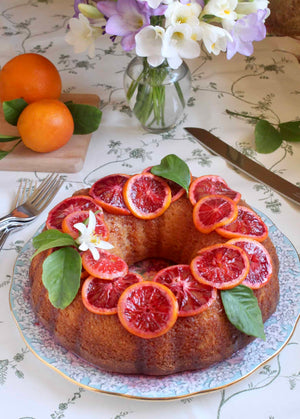 Got Blood Oranges? Bake a Cake!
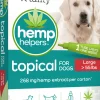 Vetality Hemp Helpers Topical for Dogs - Over 55 Lbs - 4 Ds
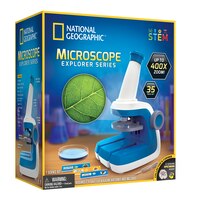 National Geographic - NGCRNGMICROST-21 | National Geographic Explorer Series Microscope Kit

**Requirement**
Would you repeat each line of the listing exactly, skipping any picture?

**Result for this exercise**
 Got Blood Oranges? Bake a Cake!
 Vetality Hemp Helpers Topical for Dogs - Over 55 Lbs - 4 Ds
 National Geographic - NGCRNGMICROST-21 | National Geographic Explorer Series Microscope Kit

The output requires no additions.